About this exercise ▸
Skip the pictures and write out, word for word, the lines below from the one with "Bild 2 av Volvo" through the one with "Bedroom - 39", inclusive.

Stored data ▸

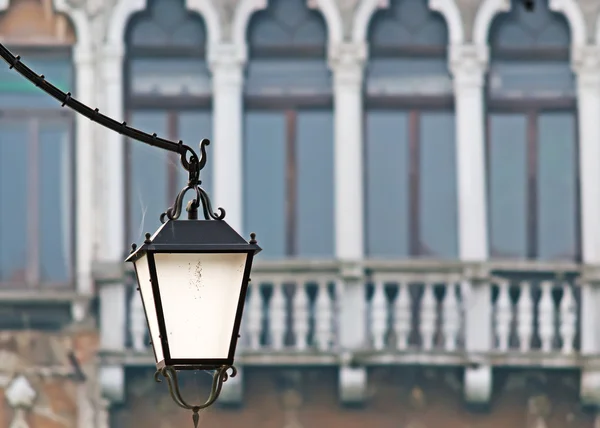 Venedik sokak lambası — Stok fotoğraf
--
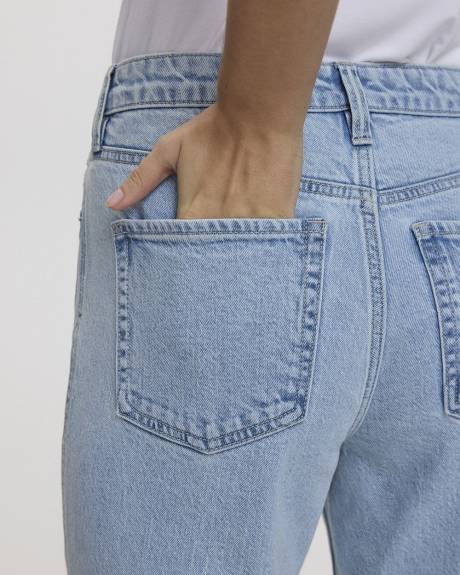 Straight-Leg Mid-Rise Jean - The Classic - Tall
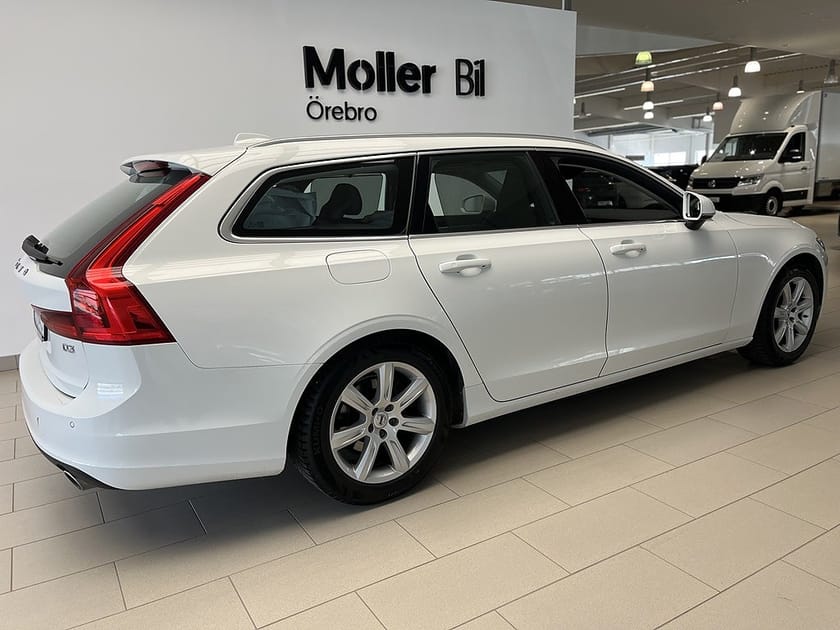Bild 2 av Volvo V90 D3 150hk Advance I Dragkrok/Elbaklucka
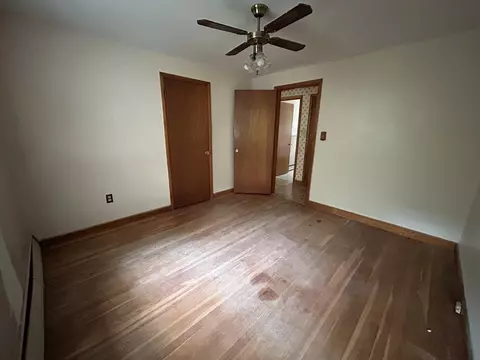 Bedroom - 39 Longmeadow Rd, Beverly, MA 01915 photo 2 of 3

Result of this exercise ▸
Bild 2 av Volvo V90 D3 150hk Advance I Dragkrok/Elbaklucka
 Bedroom - 39 Longmeadow Rd, Beverly, MA 01915 photo 2 of 3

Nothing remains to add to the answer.